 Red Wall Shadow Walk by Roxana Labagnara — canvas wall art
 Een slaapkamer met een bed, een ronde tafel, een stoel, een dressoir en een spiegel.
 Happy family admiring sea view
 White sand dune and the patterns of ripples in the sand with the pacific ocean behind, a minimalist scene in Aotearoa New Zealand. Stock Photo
========================
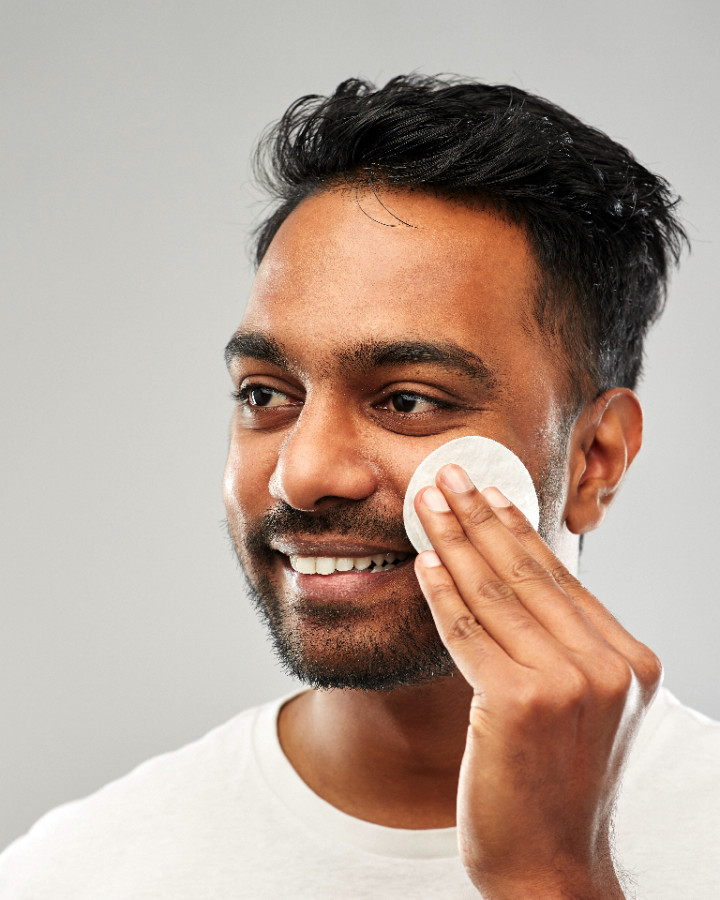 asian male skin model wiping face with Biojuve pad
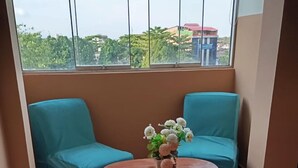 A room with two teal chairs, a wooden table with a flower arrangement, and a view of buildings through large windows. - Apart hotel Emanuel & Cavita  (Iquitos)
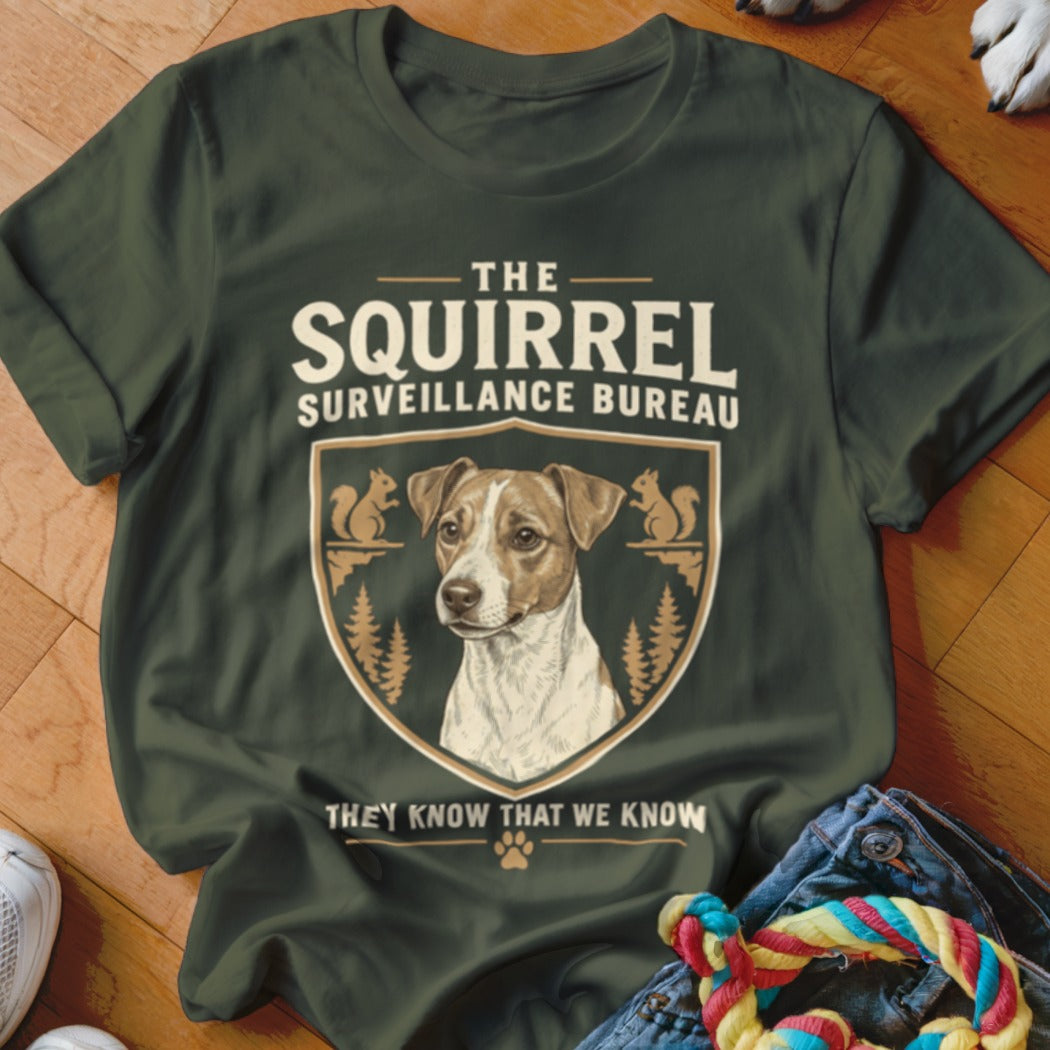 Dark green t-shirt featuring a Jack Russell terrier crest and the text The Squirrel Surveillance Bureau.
========================
• **EXERCISE DESCRIPTION**: Output the lines above exactly, but only those between the line holding "Red Wall Shadow" and the line holding "White sand dune", inclusive.

• **SOLUTION BELOW**:
 Red Wall Shadow Walk by Roxana Labagnara — canvas wall art
 Een slaapkamer met een bed, een ronde tafel, een stoel, een dressoir en een spiegel.
 Happy family admiring sea view
 White sand dune and the patterns of ripples in the sand with the pacific ocean behind, a minimalist scene in Aotearoa New Zealand. Stock Photo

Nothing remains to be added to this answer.